Re: [PATCH v1 0/5] target/arm: Handle psci calls in userspace

Gavin Shan <gshan@xxxxxxxxxx> · Thu, 13 Jul 2023 10:27:57 +1000

Hi Salil,

On 7/4/23 19:58, Salil Mehta wrote:


Latest Qemu Prototype (Pre RFC V2) (Not in the final shape of the patches)
https://github.com/salil-mehta/qemu.git ;  virt-cpuhp-armv8/rfc-v1-port11052023.dev-1


should work against below kernel changes as confirmed by James,

Latest Kernel Prototype (Pre RFC V2 = RFC V1 + Fixes)
https://git.gitlab.arm.com/linux-arm/linux-jm.git ;  virtual_cpu_hotplug/rfc/v2


I think it'd better to have the discussions through maillist. The threads and all
follow-up replies can be cached somewhere to avoid lost. Besides, other people may
be intrested in the same points and can join the discussion directly.

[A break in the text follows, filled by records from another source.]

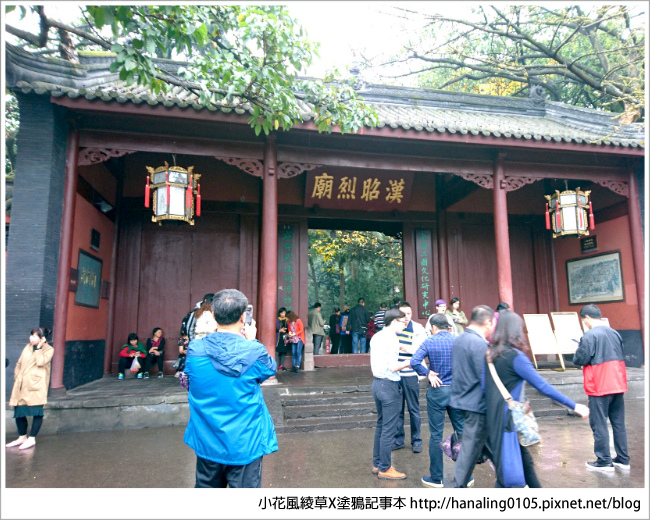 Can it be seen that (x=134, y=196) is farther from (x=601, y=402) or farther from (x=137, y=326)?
(x=601, y=402)

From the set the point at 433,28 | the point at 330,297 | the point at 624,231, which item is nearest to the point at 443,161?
the point at 624,231

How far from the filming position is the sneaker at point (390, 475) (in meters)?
3.70

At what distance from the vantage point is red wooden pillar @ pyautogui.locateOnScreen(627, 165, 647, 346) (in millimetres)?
7926

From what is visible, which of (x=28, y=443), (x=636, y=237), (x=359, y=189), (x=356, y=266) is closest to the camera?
(x=28, y=443)

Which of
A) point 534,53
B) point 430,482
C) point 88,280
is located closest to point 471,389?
point 430,482

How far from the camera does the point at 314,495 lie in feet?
10.00

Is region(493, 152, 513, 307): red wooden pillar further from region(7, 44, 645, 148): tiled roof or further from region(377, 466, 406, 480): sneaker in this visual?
region(377, 466, 406, 480): sneaker

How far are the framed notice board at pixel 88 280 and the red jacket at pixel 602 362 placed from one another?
6468 millimetres

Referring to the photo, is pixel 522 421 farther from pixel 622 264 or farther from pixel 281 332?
pixel 622 264

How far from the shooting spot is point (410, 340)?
4574 millimetres

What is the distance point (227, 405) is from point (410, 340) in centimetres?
276

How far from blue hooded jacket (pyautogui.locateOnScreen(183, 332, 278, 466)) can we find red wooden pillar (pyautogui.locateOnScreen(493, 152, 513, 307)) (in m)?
6.22

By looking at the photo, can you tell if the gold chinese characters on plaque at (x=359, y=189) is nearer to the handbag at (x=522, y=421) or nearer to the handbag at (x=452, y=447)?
the handbag at (x=452, y=447)

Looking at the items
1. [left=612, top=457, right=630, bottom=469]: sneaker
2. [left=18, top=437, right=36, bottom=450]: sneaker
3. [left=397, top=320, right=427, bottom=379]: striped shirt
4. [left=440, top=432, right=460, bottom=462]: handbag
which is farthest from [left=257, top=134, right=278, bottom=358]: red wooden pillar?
[left=612, top=457, right=630, bottom=469]: sneaker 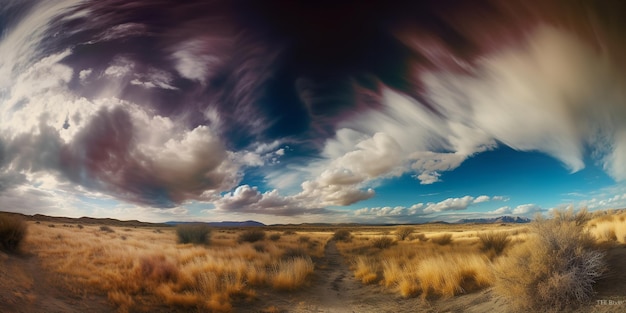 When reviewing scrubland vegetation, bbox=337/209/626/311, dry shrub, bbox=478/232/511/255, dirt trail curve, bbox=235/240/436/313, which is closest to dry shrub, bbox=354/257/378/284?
dirt trail curve, bbox=235/240/436/313

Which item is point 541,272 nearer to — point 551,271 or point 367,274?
point 551,271

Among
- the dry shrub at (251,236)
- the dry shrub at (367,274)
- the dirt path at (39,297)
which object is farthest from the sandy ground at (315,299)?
the dry shrub at (251,236)

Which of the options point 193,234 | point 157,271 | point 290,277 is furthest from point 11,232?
point 193,234

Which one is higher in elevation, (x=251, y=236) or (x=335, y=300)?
(x=251, y=236)

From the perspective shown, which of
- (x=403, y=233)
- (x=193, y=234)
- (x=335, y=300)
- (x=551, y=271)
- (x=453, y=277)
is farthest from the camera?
(x=403, y=233)

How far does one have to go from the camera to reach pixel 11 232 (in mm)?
10734

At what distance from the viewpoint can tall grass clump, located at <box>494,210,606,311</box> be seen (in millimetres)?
4707

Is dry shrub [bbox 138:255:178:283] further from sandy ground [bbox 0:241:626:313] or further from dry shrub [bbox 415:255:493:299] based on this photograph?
dry shrub [bbox 415:255:493:299]

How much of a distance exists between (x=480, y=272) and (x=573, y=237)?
260 centimetres

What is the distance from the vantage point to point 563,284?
15.4 feet

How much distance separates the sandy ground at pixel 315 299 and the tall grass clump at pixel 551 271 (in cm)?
26

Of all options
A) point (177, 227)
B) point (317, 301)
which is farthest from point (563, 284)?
point (177, 227)

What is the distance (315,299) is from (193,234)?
1891cm

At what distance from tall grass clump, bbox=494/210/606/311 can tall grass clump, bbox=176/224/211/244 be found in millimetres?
23100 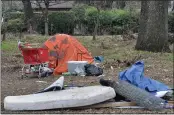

I got a chance to give the RFC patchsets some tests. Not all cases are working
as expected. I know the patchset is being polished. I'm summarize them as below:

(1) coredump is triggered when the topology is out of range. It's the issue we
    discussed in private. Here I'm just recapping in case other people also blocked
    by the issue.

    (a) start VM with the following command lines
     /home/gavin/sandbox/qemu.main/build/qemu-system-aarch64       \
     -accel kvm -machine virt,gic-version=host,nvdimm=on -cpu host \
     -smp cpus=1,maxcpus=2,sockets=1,clusters=1,cores=1,threads=2  \
     -m 512M,slots=16,maxmem=64G                                   \
     -object memory-backend-ram,id=mem0,size=512M                  \
     -numa node,nodeid=0,cpus=0-1,memdev=mem0                      \

    (b) hot add CPU whose topology is out of range
    (qemu) device_add driver=host-arm-cpu,id=cpu1,core-id=1


    It's actually caused by typos in hw/arm/virt.c::virt_cpu_pre_plug() where
    'ms->possible_cpus->len' needs to be replaced with 'ms->smp.cores'. With this,
    the hot-added CPU object will be rejected.

(2) I don't think TCG has been tested since it seems not working at all.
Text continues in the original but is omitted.